The following are taken from a day’s selections—January 7, 1905—and show how the tips for hurdle-racing are even more unreliable than those for flat-racing:—
Gatwick Meeting (Six Races).
| London Star (Capt. Coe’s Specials) | 6 selections —all wrong. |
| Middleham Opinion (Mentor) | 3 selections (one “best thing”) —all wrong. |
| The Jockey | 5 selections (one “special”) —all wrong. |
| Racehorse (Admiral) | 1 selection (“one horse nap”) —wrong. |
| Early Bird’s Finals | 6 selections (one “good,” one “selected”) —all wrong. |
| Sun Dawn’s Finals | 6 selections (one “good”) —1 right (not the “good”). |
| Form’s Finals | 6 selections —2 right. |
| Presto’s Double | Double selection for two races —wrong. |
| Sunday Chronicl. (Galliard) | 4 selections —all wrong. |
| Sunrise’s Finals | 6 selections —all wrong. |
| Victor’s Finals | 6 selections (one “nap,” one “good”) —1 right (neither “nap” nor “good”). |
| Yorkshire Herald (Yorkshireman) | 6 selections (one “starred”) —all wrong. |
| Yorkshire Press (Ivanhoe) | 6 selections (one “special”) —2 right (not the “special”). |
| Result | { 6 right. |
| { 57 wrong. |
There are many examples of the inaccuracy of sporting tips in the evidence of the Select Committee on Betting.
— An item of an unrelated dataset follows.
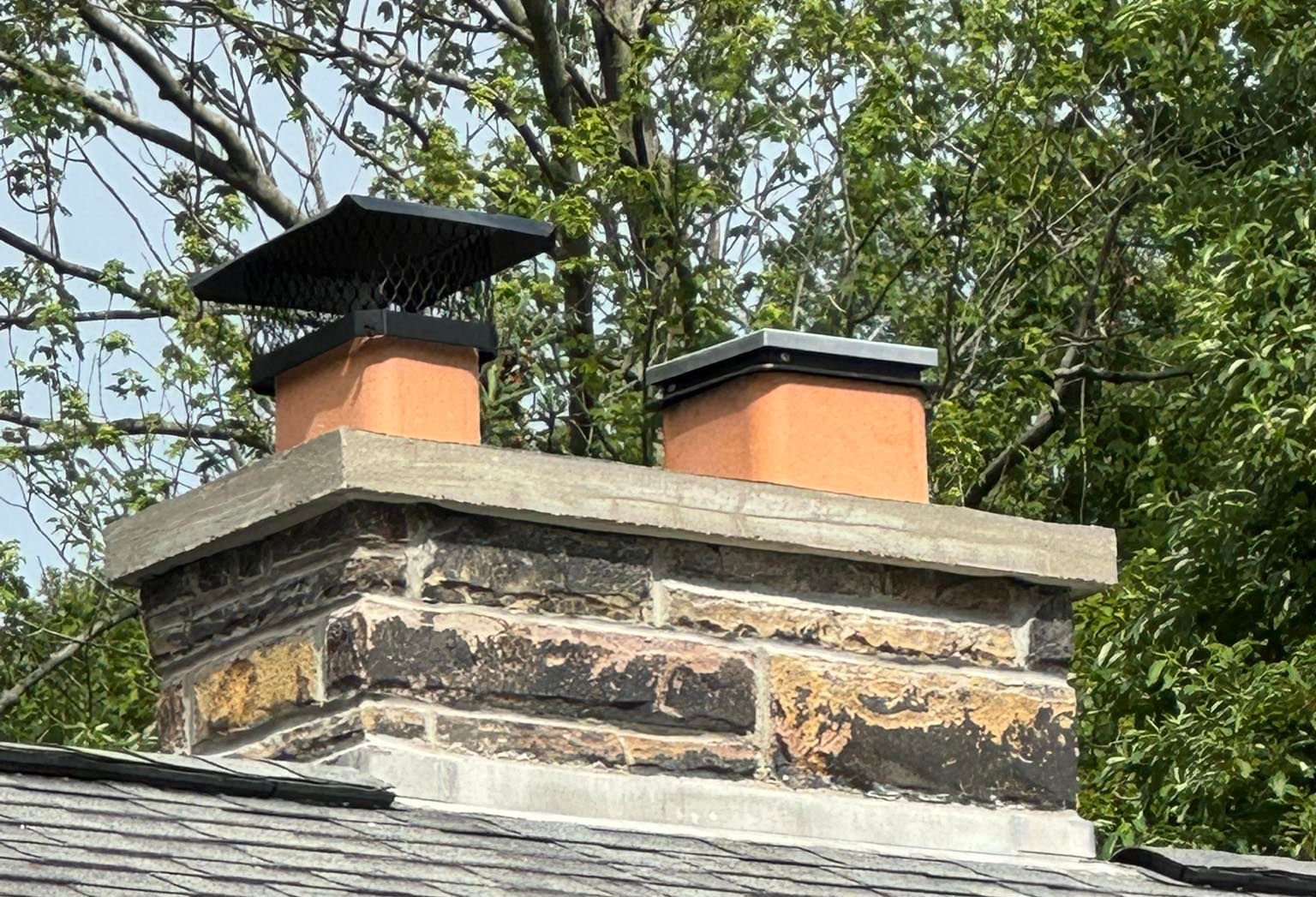 Brick chimney with two orange flues and black caps on a shingled roof, framed by green tree branches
The best are given below:—
Rev. J. W. Horsley’s Evidence
(a) Manchester: out of 40 selected winners, not a single one was right.
(b) Seven sporting papers gave 79 horses: in 74 cases their predictions were wrong.
(c) Case of the Standard, which selected 179 horses for 148 races: 155 were wrong, and 24 right.